Lead researchers Birchfield and Tremblay discuss the project: “For robots to perform useful tasks in real-world settings, it must be easy to communicate the task to the robot; this includes both the desired result and any hints as to the best means to achieve that result. With demonstrations, a user can communicate a task to the robot and provide clues as to how to best perform the task.”

The robot’s perception is developed from a video feed of the task being performed, which neural networks then digest and feed into another network. This network then deduces an explanation of how to copy and recreate the action, and finally an execution network interprets this explanation from which the task can then be replicated.

Not only does a breakthrough like this significantly broaden the number of industrial applications for AI and automation technology, the ability to program tasks through simple demonstration could dramatically reduce existing barriers to entry. Furthermore, the ability for a robotics system to incorporate a more ‘human’ understanding of the task’s parameters and success criteria opens endless opportunities for industrial automation that were previously beyond current robotic capabilities.

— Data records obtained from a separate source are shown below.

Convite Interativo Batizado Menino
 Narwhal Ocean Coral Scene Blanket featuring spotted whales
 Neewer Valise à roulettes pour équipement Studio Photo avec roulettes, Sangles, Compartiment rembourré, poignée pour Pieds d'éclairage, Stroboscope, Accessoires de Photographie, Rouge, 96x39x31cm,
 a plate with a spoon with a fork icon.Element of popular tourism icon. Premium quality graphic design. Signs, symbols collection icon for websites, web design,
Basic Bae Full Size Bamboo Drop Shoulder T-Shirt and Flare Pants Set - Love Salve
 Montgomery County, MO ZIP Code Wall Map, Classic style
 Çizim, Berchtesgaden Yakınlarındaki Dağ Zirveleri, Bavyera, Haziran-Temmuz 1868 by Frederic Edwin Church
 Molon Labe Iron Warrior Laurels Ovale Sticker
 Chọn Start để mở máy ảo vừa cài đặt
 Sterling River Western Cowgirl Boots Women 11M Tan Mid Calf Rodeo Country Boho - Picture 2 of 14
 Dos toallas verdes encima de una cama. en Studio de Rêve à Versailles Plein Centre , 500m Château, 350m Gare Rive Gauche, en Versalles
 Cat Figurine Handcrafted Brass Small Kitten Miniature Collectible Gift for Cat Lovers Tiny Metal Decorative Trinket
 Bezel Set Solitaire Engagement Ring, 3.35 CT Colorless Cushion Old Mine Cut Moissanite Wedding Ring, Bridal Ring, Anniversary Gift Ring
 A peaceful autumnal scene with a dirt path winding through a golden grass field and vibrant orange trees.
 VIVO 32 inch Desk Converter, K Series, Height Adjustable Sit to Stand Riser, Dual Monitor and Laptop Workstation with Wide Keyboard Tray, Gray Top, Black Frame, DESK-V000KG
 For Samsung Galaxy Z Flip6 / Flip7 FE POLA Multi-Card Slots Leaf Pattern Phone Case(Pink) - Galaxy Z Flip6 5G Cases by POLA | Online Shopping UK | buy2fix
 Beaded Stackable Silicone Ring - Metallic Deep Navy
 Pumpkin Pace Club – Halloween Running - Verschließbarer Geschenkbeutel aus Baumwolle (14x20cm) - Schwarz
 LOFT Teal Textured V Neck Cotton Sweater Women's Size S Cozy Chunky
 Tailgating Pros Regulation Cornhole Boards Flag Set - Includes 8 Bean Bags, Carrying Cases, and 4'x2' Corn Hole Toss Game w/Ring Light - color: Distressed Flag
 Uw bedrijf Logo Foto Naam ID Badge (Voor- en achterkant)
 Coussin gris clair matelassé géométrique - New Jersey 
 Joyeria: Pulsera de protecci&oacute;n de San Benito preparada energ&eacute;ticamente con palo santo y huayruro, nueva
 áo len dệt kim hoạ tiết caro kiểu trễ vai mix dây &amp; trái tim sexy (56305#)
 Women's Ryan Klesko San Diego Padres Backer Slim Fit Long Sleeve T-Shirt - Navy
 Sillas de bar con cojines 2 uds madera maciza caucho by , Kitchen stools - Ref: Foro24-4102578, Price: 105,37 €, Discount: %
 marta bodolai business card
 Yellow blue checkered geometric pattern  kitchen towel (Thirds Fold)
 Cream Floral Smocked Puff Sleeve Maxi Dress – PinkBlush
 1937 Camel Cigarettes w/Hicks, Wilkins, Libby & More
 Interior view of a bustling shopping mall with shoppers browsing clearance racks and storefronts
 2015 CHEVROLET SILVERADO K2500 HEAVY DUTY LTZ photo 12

Dashboard has published much discussion on how future digital oilfields will harness technology such as this to enable more efficient asset management. The potential role of robotics in this shift has also been covered, however only in a limited capacity, for example, robots performing simple tasks with rigid completion parameters. Nvidia’s technology could potentially reshape this, performing a much broader array of jobs that could be completed with little or no human engagement, further reducing expenses and margins for human error, while performing tasks with mechanical precision.